There are laws that govern fishing in England and Wales. Like many other activities these laws have been developed over the centuries of Britainís history. Though following these laws is not too difficult, there are aspects which seem a little confusing at times.

Tidal Waters Fishing Rights

Members of the public have a right to fish in the sea below the mean high water mark of tidal waters. Anyone can fish either from the bank or by boat assuming there is public access.

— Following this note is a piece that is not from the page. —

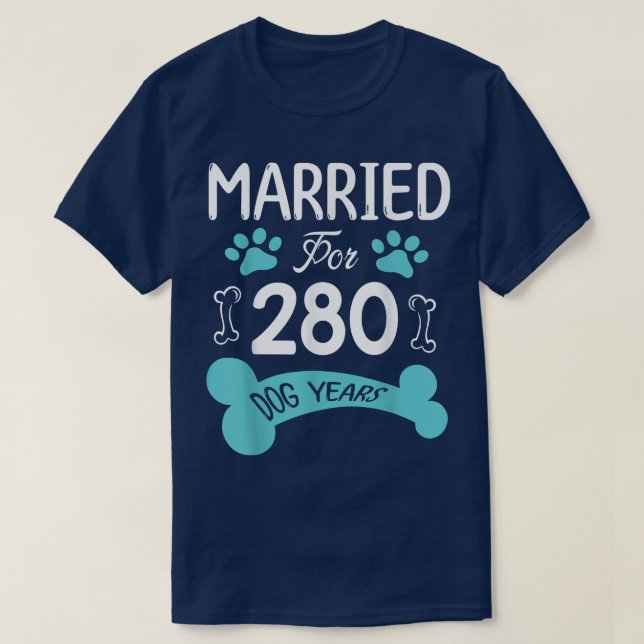 Verheiratet für 280 Hunde Jahre 40 Jahre Hochzeit T-Shirt (Design vorne)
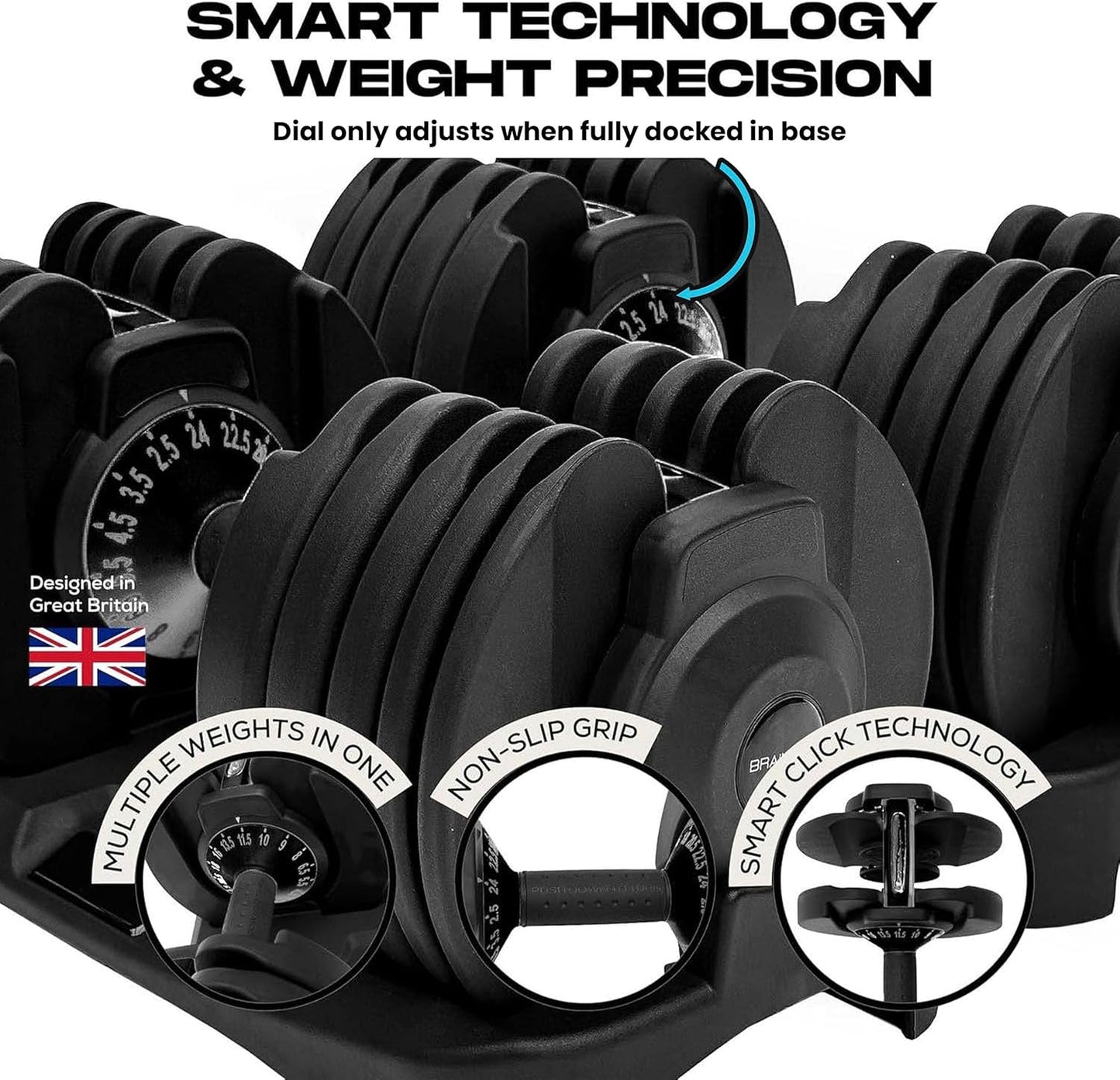 15-In-1 Adjustable Dumbbells 24Kg Pair, Quick Change Weights, Space Saving Home Gym Set, Secure Locking System, Non Slip Grip, Includes Storage Dock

Non-tidal Waters Fishing Rights

For non-tidal waters, the situation gets a bit complex. The owner of the land adjoining one side of a natural river or stream owns the exclusive fishing rights (called, Riparian Rights) on her or his side of the bank. These rights extend up to the middle of the water. These rights can be leased or sold as separate and valuable properly rights (apart from ownership of the land itself). So, the owner does not essentially have the right to fish from her or his side of the bank. An owner whose land adjoins a pond or lake has similar rights which extend only as far as the middle of the water unless encircles the pond or lake.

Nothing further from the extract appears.